Active switching, selective balancing, and dynamic load management enable better fault tolerance, longer cycle life, and improved charging performance.

Early commercial deployments demonstrate the value of modular and adaptive designs, although cost, complexity, and a lack of standardization still limit widespread adoption. Advances in AI, pack architecture, and materials are accelerating progress across EVs, grid storage, and renewable energy systems.

Why is the second-life battery market lagging in the US?

The second-life battery market remains underdeveloped in the US despite growing volumes of unused and lightly used lithium-ion batteries from EV programs, manufacturing fallout, and canceled projects. Many of these batteries retain high state of health but are routed directly to recycling due to warranty gaps, testing costs, logistical complexity, and competition from increasingly low-cost new cells. Falling prices for new lithium-ion batteries, driven by oversupply, scaling, and lower-cost chemistries such as LFP, have narrowed the price advantage of second-life systems and reduced buyer incentives.
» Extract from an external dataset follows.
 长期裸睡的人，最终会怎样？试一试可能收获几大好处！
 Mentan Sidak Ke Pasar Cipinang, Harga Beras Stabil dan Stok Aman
Battery recycling offers a critical role in recovering critical materials like lithium, cobalt, and nickel, reducing environmental impact, and supporting a more sustainable battery supply chain.

Operational and structural barriers further limit adoption. Repurposing batteries requires rigorous testing, certification, and regulatory compliance, all of which add cost and delay transactions in the absence of standardized grading and testing frameworks. The US market also faces misaligned expectations between first-life owners and second-life buyers, along with fragmented infrastructure and limited large-scale testing capability. In contrast, markets in Asia and Europe benefit from established logistics, financing, and emerging standards.

Advancing the US second-life market will require standardized testing, design-for-reuse practices, improved data transparency, and broader awareness of the economic and environmental value of battery reuse.